[The problem]: Every line of the data that includes "Bodycon" should be copied out.

Stored entries
□ □ □ □
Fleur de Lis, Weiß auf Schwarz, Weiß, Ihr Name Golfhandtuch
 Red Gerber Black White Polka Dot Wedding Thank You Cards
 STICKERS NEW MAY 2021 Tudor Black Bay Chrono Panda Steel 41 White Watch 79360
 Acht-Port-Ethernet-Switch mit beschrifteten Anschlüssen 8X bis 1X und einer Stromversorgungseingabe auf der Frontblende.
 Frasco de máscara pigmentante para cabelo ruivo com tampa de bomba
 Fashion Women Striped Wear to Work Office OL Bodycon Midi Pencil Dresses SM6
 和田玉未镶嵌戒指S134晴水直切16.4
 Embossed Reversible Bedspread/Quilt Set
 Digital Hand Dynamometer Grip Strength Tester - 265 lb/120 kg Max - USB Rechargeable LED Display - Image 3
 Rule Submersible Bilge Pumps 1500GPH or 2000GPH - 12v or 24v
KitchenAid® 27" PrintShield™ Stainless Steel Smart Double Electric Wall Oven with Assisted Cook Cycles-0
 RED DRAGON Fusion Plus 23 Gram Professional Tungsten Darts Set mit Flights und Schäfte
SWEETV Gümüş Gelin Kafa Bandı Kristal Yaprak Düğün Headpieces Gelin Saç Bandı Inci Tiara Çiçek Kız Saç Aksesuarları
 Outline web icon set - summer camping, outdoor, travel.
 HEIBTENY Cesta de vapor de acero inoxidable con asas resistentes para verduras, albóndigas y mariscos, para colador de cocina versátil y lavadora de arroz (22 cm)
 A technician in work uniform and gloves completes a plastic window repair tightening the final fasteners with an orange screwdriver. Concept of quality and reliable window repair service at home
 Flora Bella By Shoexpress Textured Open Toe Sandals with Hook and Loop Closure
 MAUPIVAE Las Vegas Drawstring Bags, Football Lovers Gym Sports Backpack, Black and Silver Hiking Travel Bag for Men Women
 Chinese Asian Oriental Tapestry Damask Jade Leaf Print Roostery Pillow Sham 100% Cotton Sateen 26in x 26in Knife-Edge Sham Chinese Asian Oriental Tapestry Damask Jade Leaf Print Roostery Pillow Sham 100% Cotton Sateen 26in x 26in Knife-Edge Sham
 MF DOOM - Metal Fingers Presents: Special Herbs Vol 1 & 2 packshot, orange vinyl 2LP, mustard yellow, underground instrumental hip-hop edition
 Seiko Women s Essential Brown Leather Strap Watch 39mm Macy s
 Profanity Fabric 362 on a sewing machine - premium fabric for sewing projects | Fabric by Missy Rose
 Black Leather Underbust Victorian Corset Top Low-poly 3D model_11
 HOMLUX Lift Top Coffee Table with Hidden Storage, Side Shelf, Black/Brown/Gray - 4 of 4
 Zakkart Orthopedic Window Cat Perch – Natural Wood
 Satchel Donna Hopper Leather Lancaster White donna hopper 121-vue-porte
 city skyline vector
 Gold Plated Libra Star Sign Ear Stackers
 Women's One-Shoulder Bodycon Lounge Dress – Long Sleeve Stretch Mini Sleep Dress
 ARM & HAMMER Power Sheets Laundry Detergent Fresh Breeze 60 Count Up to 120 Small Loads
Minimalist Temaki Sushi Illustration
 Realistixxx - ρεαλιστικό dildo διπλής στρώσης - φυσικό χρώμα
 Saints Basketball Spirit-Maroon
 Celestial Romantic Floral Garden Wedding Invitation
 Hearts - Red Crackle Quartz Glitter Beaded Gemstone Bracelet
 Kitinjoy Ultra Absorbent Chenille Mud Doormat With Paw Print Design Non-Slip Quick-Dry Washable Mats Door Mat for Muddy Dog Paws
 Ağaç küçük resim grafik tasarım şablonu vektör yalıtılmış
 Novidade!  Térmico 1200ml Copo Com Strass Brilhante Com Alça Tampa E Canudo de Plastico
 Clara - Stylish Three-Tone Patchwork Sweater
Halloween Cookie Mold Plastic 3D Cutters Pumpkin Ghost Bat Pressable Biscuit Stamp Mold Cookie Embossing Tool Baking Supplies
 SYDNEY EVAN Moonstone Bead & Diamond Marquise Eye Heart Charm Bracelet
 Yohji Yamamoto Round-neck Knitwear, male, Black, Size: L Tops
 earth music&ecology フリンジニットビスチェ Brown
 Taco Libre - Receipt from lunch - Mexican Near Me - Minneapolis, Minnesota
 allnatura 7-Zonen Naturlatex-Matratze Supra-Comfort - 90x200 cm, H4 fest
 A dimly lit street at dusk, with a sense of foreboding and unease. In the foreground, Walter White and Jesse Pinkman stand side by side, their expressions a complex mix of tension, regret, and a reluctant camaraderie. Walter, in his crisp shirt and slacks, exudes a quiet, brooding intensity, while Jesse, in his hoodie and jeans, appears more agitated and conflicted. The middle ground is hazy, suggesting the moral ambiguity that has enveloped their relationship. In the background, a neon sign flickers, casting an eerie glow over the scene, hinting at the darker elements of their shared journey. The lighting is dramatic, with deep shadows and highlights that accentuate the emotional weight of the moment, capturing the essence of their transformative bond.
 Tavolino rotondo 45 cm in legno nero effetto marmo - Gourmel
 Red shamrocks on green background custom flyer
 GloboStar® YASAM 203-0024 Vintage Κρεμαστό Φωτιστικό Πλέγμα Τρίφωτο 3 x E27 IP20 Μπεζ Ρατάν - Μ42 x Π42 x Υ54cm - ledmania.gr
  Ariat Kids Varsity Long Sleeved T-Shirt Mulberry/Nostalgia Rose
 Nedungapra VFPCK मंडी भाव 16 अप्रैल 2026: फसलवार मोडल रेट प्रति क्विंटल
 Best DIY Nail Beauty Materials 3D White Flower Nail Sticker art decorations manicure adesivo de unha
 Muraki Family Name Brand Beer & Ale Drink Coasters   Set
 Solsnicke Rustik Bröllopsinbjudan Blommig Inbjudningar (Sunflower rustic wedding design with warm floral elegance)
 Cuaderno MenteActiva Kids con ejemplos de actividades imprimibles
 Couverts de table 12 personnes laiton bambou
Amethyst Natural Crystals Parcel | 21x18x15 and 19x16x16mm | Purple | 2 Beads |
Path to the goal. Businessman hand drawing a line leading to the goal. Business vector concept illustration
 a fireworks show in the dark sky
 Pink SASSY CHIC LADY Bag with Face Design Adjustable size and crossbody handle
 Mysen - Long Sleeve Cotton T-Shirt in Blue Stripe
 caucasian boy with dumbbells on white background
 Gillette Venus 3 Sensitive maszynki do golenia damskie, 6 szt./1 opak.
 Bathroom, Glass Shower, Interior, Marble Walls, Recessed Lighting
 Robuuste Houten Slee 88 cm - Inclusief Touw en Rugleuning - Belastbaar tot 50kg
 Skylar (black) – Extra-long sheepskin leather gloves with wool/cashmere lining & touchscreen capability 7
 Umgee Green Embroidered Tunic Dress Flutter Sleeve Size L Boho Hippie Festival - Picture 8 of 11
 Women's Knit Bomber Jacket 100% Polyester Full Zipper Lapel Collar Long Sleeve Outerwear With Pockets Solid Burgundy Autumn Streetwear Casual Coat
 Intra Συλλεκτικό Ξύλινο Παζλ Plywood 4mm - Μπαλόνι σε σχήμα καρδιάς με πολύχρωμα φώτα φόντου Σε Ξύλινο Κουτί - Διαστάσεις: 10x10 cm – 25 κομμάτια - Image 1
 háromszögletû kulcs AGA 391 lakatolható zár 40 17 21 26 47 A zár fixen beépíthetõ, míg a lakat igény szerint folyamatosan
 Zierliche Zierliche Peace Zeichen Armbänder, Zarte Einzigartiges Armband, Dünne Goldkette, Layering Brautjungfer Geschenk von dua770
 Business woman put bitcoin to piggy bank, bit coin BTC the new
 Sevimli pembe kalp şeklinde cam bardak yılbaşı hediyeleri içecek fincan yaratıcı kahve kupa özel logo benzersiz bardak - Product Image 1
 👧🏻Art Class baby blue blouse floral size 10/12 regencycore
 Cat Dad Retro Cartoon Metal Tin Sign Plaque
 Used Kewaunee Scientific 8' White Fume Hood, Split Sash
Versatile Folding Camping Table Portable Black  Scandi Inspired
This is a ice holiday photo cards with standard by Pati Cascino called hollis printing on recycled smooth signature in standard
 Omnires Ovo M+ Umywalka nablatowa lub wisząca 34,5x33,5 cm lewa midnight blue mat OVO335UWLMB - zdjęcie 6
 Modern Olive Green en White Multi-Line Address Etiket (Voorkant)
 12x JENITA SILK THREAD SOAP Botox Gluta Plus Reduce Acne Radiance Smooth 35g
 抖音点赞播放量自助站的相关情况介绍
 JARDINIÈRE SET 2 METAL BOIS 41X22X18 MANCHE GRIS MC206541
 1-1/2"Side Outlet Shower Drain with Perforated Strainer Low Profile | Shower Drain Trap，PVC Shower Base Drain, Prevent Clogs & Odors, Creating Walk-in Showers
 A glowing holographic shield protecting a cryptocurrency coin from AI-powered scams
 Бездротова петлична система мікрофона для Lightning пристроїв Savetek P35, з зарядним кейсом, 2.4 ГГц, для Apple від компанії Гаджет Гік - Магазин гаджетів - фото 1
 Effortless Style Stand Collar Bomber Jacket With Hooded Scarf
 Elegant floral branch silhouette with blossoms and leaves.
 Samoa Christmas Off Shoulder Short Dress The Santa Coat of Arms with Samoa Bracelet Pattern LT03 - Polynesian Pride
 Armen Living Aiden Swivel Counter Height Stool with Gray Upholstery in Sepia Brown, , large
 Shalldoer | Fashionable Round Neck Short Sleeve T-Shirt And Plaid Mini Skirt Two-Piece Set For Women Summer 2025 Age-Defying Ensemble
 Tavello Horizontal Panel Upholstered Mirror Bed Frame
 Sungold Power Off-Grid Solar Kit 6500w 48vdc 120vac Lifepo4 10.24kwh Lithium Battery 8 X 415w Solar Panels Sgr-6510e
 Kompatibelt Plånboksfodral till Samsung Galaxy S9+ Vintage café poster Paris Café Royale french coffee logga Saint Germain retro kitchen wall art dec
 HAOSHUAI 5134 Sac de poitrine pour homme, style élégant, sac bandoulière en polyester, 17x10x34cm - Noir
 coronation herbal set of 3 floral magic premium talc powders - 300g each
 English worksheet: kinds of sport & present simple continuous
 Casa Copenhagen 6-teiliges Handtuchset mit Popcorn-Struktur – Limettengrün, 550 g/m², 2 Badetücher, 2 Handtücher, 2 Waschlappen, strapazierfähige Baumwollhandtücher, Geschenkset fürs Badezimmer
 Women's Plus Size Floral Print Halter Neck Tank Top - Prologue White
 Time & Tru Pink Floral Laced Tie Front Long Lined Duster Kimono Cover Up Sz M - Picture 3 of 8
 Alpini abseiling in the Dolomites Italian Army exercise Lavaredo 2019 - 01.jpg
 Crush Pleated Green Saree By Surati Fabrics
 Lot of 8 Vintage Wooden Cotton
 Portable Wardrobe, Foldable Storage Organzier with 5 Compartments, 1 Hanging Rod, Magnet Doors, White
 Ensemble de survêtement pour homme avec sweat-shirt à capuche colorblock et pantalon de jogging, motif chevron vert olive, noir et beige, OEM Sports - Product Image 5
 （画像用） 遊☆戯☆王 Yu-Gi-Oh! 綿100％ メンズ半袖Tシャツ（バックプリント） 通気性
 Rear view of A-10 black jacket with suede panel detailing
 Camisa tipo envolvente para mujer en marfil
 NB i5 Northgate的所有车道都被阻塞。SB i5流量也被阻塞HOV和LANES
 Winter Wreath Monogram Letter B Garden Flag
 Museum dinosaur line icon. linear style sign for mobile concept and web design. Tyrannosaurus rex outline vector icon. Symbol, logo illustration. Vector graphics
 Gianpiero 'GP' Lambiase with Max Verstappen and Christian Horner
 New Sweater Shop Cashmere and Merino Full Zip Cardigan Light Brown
□ □ □ □
[Solution to this exercise]:
 Fashion Women Striped Wear to Work Office OL Bodycon Midi Pencil Dresses SM6
 Women's One-Shoulder Bodycon Lounge Dress – Long Sleeve Stretch Mini Sleep Dress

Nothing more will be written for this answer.